I still think we are a better team than Duke at this stage and should have won the game.

And what about Jalen Wilson? He comes in super hyped as our top recruit and has 3 minutes of bad on court presence and little else.

OK, I know, it's one game and the season is just now underway. Bad passes, poor ball handling, too much dribbling, mediocre defense, poor free throw shooting as a team........ Yes, I overreacted.

Rock Chalk!

Len Shaffer 2 years, 10 months ago

It's funny that you exhibit the exact type of overreaction that Matt is talking about.

"If Duke hits a few of the open shots, the outcome isn't even close." Seriously??? You could just as easily say, "If KU makes a few better passes, the outcome isn't even close." As Matt pointed out, EACH team had its good moments and its bad moments.

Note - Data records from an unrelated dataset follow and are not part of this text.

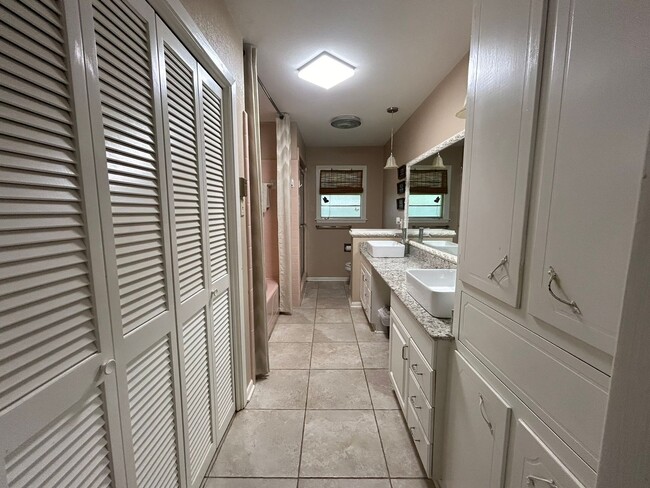 Building Photo - SPACIOUS HOME IN OF NORTH BOSSIER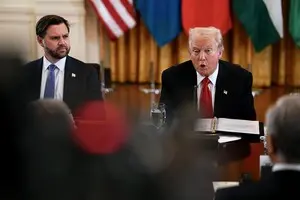 Раскол с Трампом: Вэнс скептически относится к ударам США по Ирану — Politico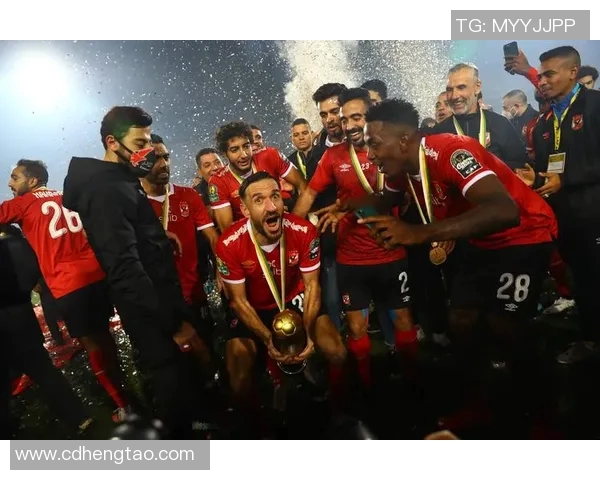 西班牙与埃及足球队激战正酣精彩对决引发全球关注 西班牙与埃及足球队激战正酣精彩对决引发全球关注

The fact is, it was the first game of the season. They'll be fine.

Robert Brown 2 years, 10 months ago

As hyped as the Champions Classic is, we need to remember that it is November basketball, and this game borders on irrelevance in March.

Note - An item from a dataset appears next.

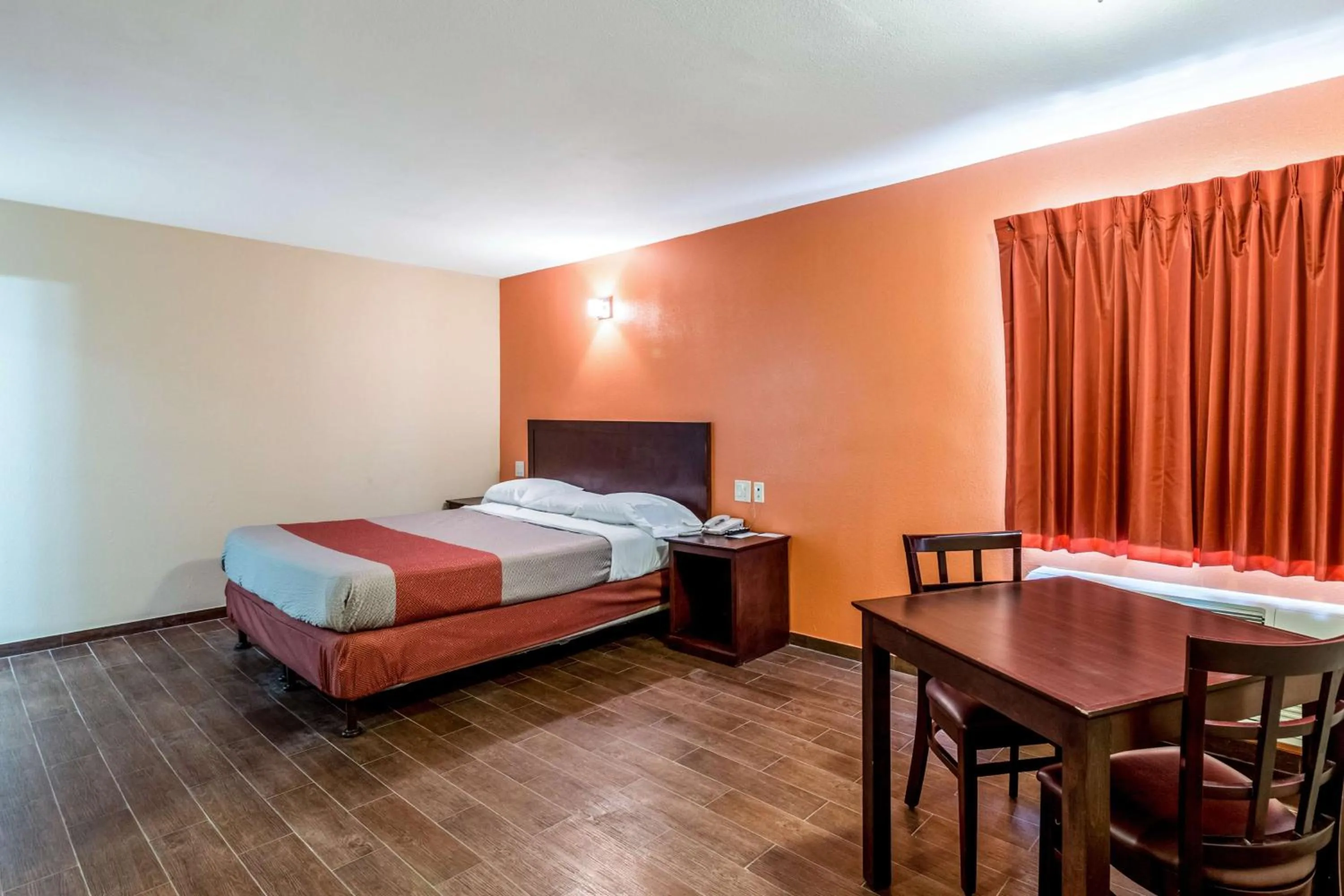 Deluxe King Room - Smoking in Motel 6-Blythe, CA - South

Dale Stringer 2 years, 10 months ago

Well if you don't shoot the Three, then then the other guys don't have to guard the Three. We only put up 9 attempts all game (and made 45% of them). This helped Duke bunch up inside and double team our bigs all game. Duke shot 24 and made only 33%, but it made us go out to guard them and that opened up the floor. We out rebounded Duke overall and recovered 35% of our misses - even with them bringing their defense in.

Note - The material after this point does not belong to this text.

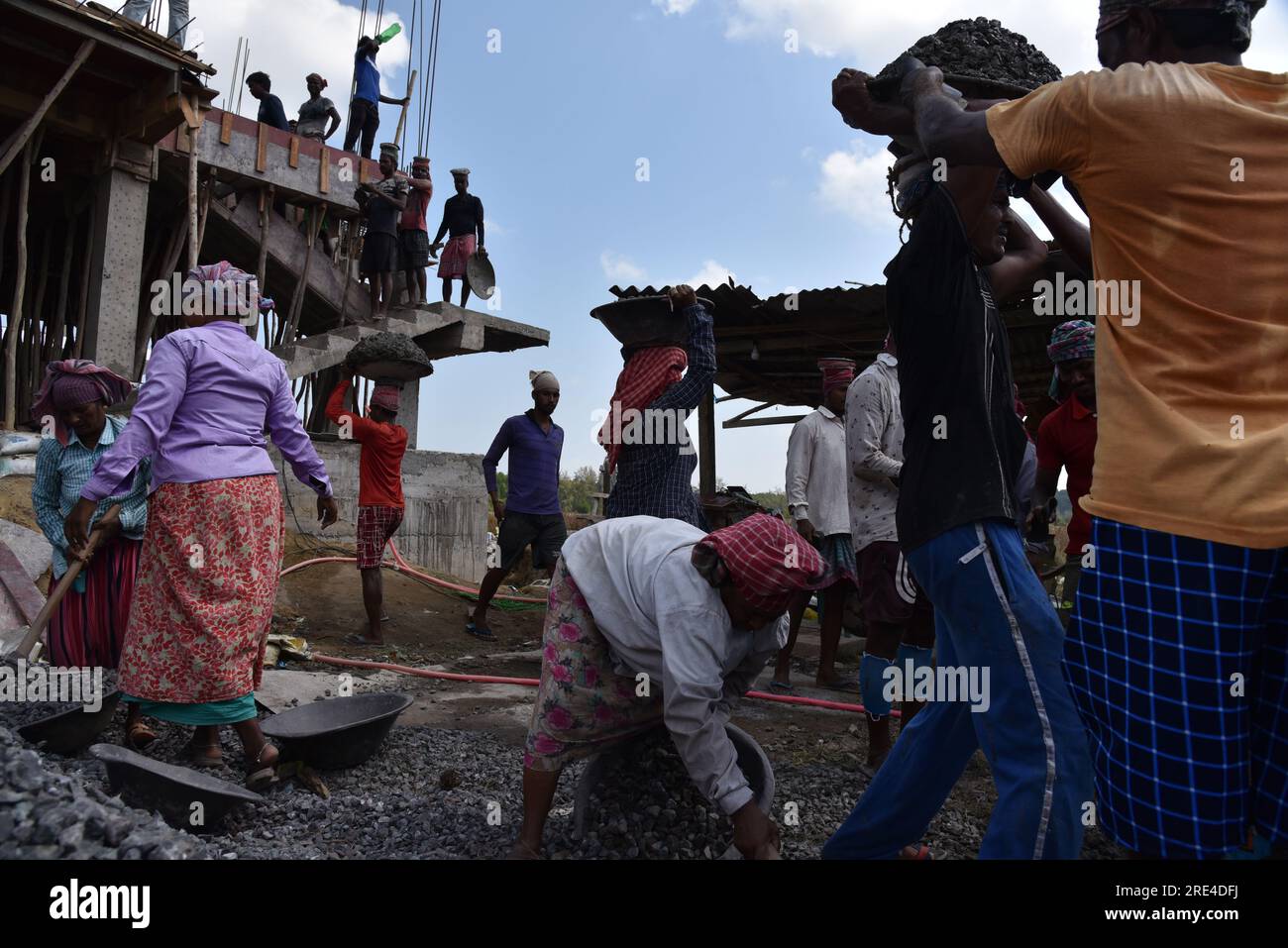 Les Indiens travaillant sur un chantier de construction dans des conditions de travail difficiles pour les hommes et les femmes. Inde. Banque D'Images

I couldn't believe all the open shots our guys passed up on to drive into four defensive players. I'll chalk it up to wanting to impress all the NBA scouts in the audience with an awesome basketball move. Same with half the turnovers trying to make the fancy pass.

So start shooting the open outside shot, pull the defense out, give our bigs more room to dominate the glass and stuff it in the basket.

Curtis Blankenship 2 years, 10 months ago

IMO, they looked like a team that had played Fort Hays and Pitt, then got a wake up call in the first half. Once Duke figured it was an in-out game they countered by collapsing on Doke and McCormick and didn't allow us offensive boards. Interior defense needs to collect less cheap fouls, which teams will attack all year. Tons of talent on this team, just need more time together. Very exciting.

Also, don't say this doesn't mean anything, its Duke.

Pius Waldman 2 years, 10 months ago

Man I hope I'm wrong but Dok is over rated. Yes he can dunk but unless he is very close to the basket his play is questionable. His dribbling is (well he doesn't do it generally.) is questionable. As for earning all conference a big stretch. Why do I say this long time basketball watcher. If I'm wrong hey I would be happy

Jeff Kallmeyer 2 years, 10 months ago

Way too many excuses by everyone, including Self. The bigger problem, and it's the same one we had last year, we're too soft and we usually get out-hustled, out-muscled and out-coached!